Lo strano filo che lega l’Argentina e l’Italia

di Nautilus

Il nuovo Presidente della Repubblica Argentina ha promesso ingenti privatizzazioni e al momento nessuna persona dotata di buon senso è in grado di sapere se la ricetta salverà o affosserà quel grande Paese che per metà è abitato da discendenti di italiani. Curiosamente l’intento del Presidente Milei, coincide con un analogo venticello che spira dalle nostre parti: le risorse scarseggiano e vendere qualche ex gioiellino di Stato potrebbe far cassa.

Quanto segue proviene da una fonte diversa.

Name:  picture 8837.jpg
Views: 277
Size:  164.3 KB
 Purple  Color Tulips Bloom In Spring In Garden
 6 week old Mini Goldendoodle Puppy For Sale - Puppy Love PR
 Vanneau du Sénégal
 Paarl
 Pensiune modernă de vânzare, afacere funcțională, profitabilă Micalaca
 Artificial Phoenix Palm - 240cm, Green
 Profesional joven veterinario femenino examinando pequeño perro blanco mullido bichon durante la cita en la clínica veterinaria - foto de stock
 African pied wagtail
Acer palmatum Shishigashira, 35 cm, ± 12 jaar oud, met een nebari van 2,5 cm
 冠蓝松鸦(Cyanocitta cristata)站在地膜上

Per ora tutto quel che si muove rientra tra le dismissioni fisiologiche. Ovviamente lo è il decollo di Ita verso lidi tedeschi e altrettanto ineluttabile quel che si sta preparando per Monte dei Paschi di Siena. Il Ministero del Tesoro è riuscito ad avviare la vendita del Montepaschi, dopo anni di tentennamenti costati molto denaro pubblico: dietro le incertezze c’era il desiderio di tenere sotto controllo la banca da parte dei politici locali dominati dalla sinistra post-comunista, oltre alla difficoltà di trovare acquirenti. Ora, dopo un cospicuo dimagrimento la più antica banca del mondo può essere collocata sul mercato, anche se alla fine lo Stato quasi certamente perderà circa una metà dei soldi investiti per tenerla in vita. Alitalia e Monte dei Paschi sono il simbolo della malagestione pubblica nel nostro Paese, del costo abnorme di un certo clientelismo ed è bene che, attraverso la loro alienazione, lo Stato non continui a dissipare, gettando al vento altri soldi pubblici. Ma le privatizzazioni mirate non possono significare l’avvio di una ostilità verso lo Stato che presidia i servizi essenziali. In questi anni si è avviata una privatizzazione strisciante della sanità pubblica. Sappiamo bene come funziona questo meccanismo: nulla che dia nell’occhio ma piuttosto un cedimento opaco. Si pensa di far avanzare ancora la sanità convenzionata? E ancora: l’annuncio di privatizzazioni per 20 miliardi fino al 2026 fatto dal governo suggerisce due domande. È davvero possibile raggiungere una cifra simile nell’arco di tre anni? Quali quote sarebbe meglio cedere in una situazione di mercato come l’attuale? Per ora mancano le risposte ma tener vive le domande è compito di chi ha ancora a cuore la cosa pubblica.